Segment Open
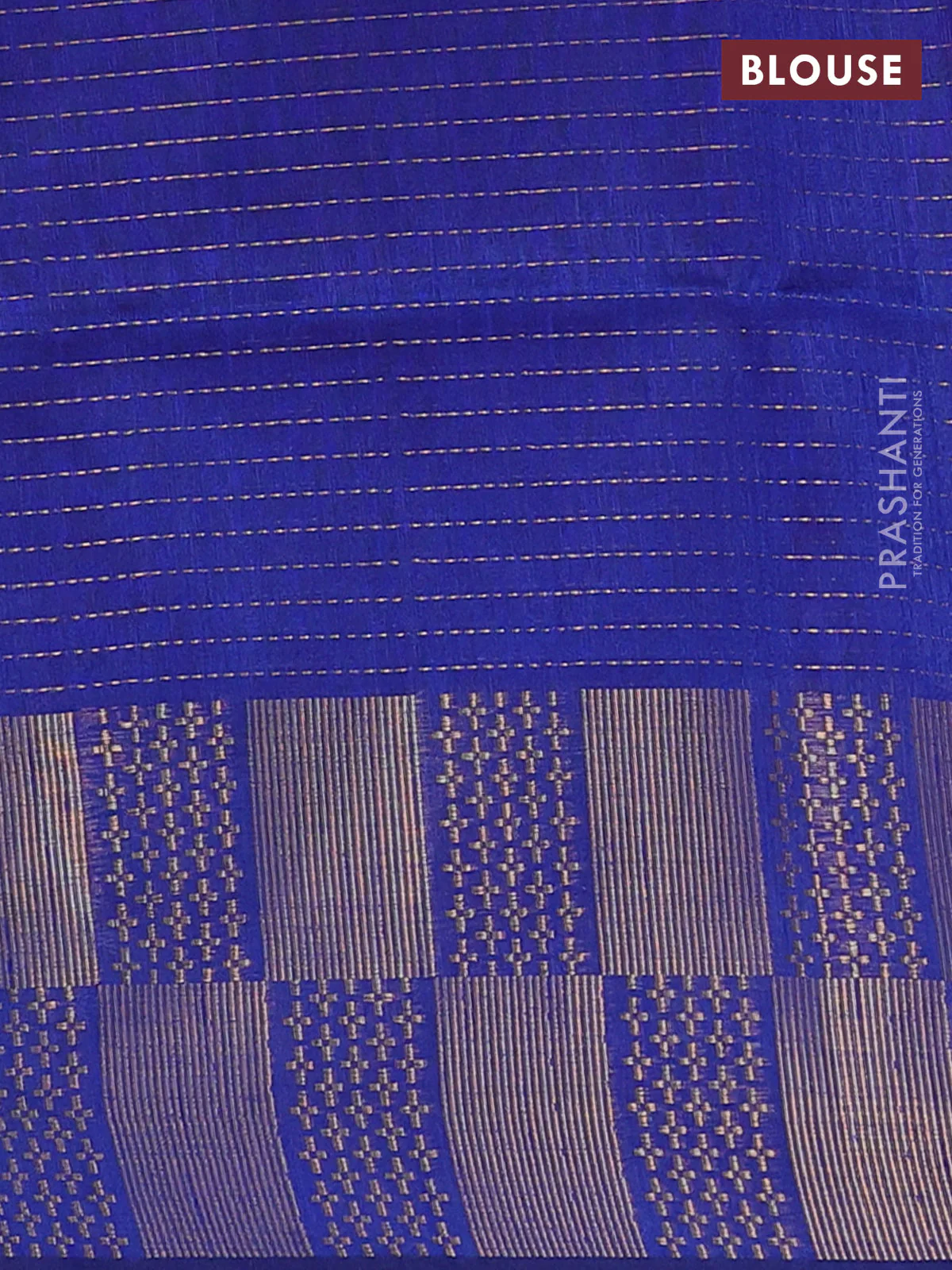 Semi dupion saree peach shade with allover zari stripes pattern and zari woven border - Image 4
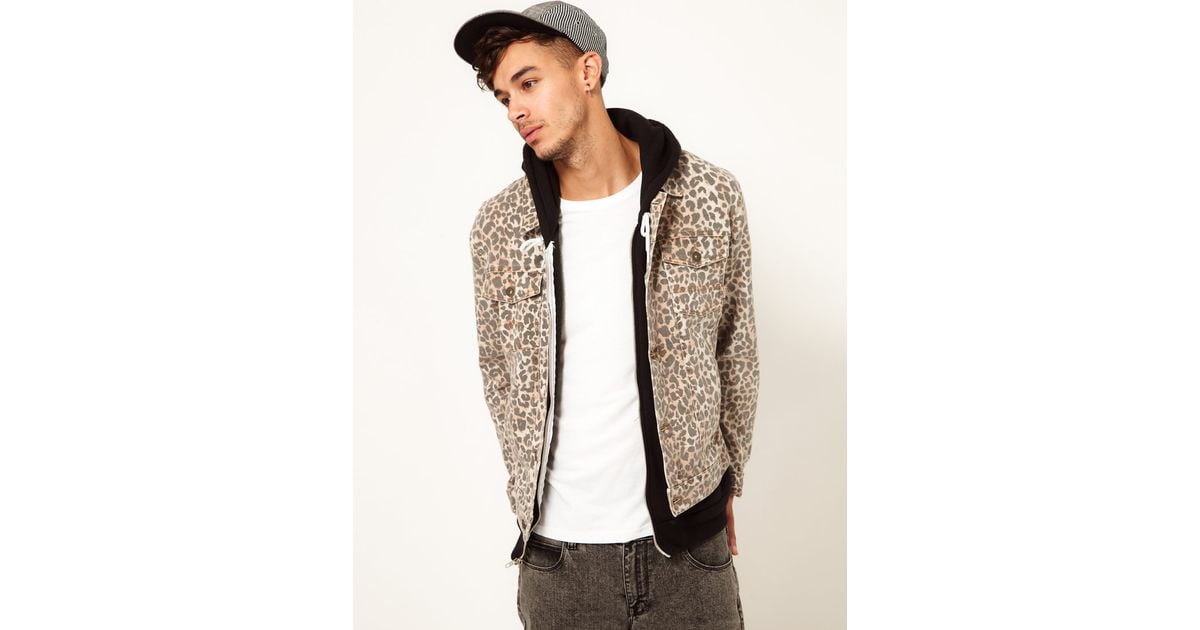 ASOS Asos Denim Jacket with Leopard Print in Natural for Men | Lyst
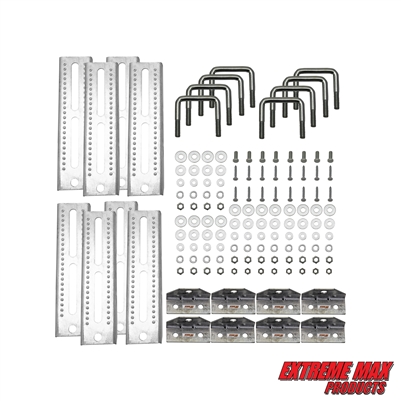 Extreme Max 3006.7035 10" Galvanized Swivel-Top Bunk Bracket with Hardware for 1.5" x 3" Trailer - 8-Pack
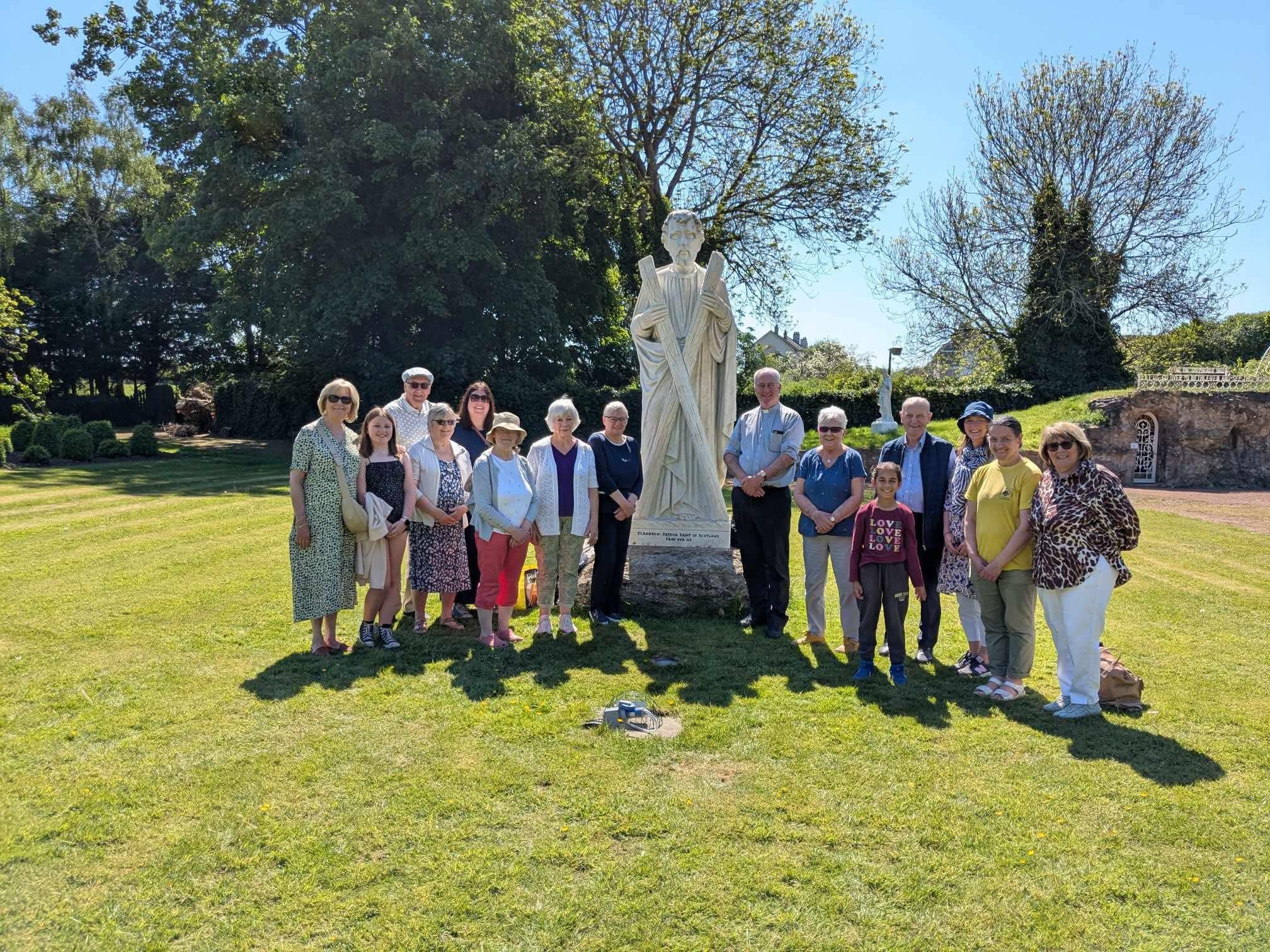 Parish community gathered outdoors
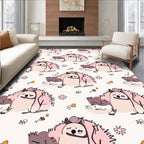 Cute Hedgehog Pink Spiky Garden Rug
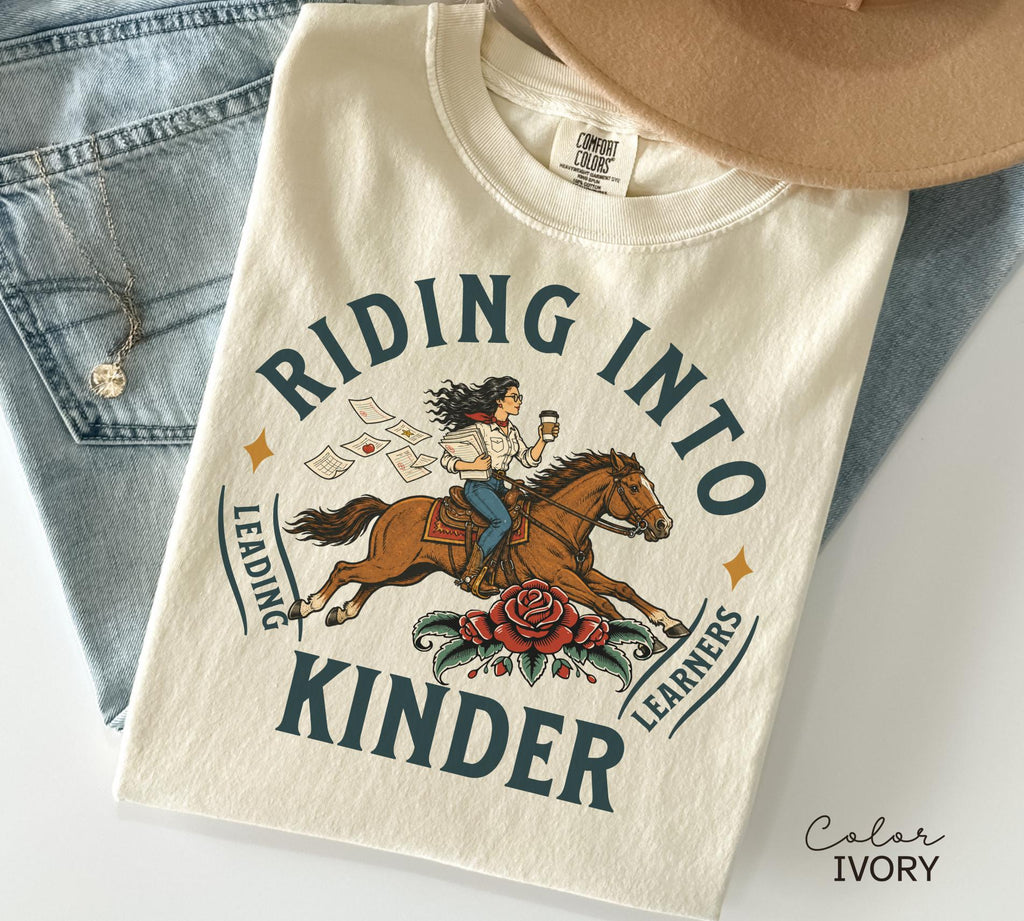 Kindergarten Teacher Shirt, Comfort Colors Riding Into Kinder Tee, Western Teacher Shirt, Teacher Gift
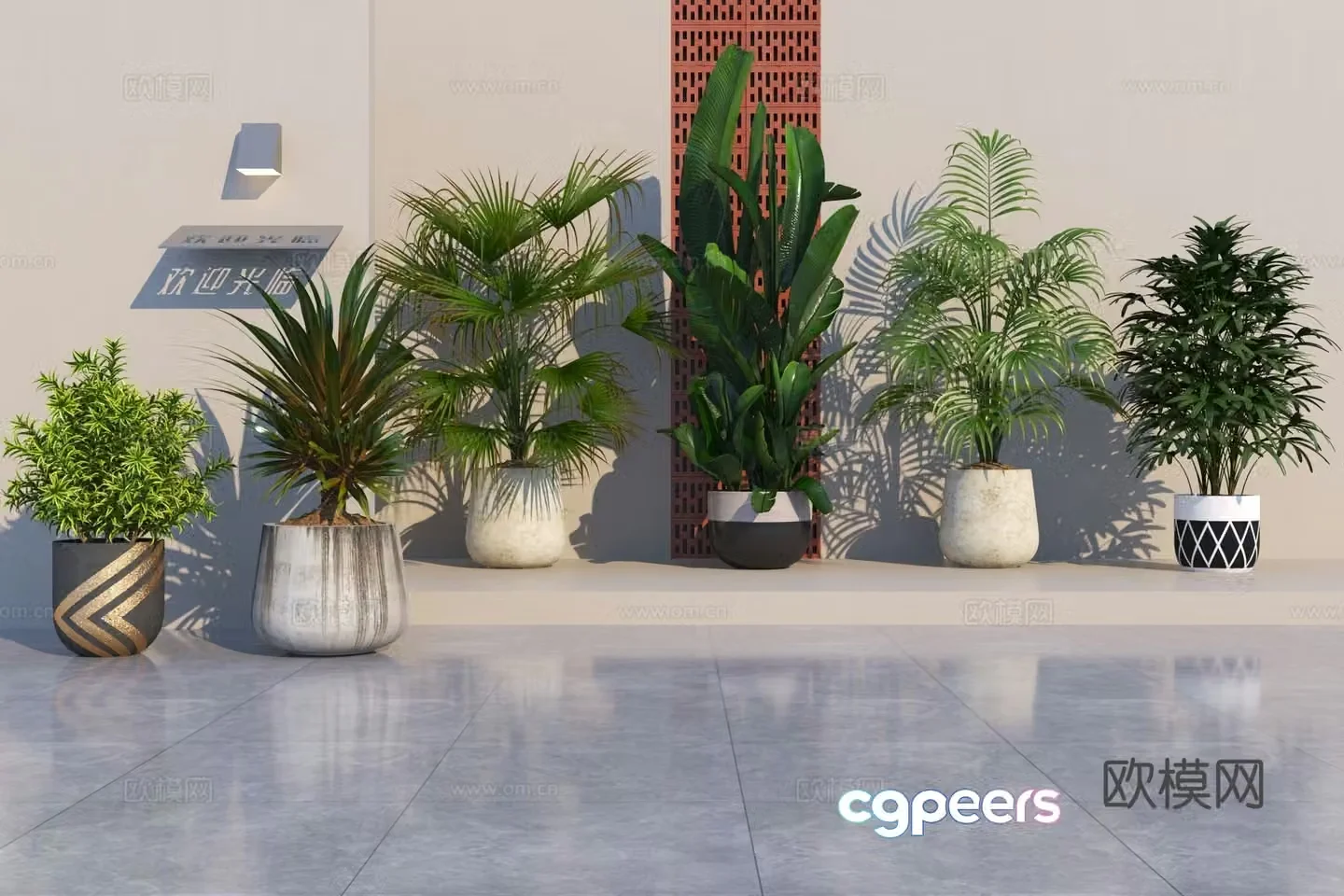 Modern green plant potted 3D model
Segment Closed
Omitting all pictures, reproduce the records above in their entirety.

 Semi dupion saree peach shade with allover zari stripes pattern and zari woven border - Image 4
 ASOS Asos Denim Jacket with Leopard Print in Natural for Men | Lyst
 Extreme Max 3006.7035 10" Galvanized Swivel-Top Bunk Bracket with Hardware for 1.5" x 3" Trailer - 8-Pack
 Parish community gathered outdoors
 Cute Hedgehog Pink Spiky Garden Rug
 Kindergarten Teacher Shirt, Comfort Colors Riding Into Kinder Tee, Western Teacher Shirt, Teacher Gift
 Modern green plant potted 3D model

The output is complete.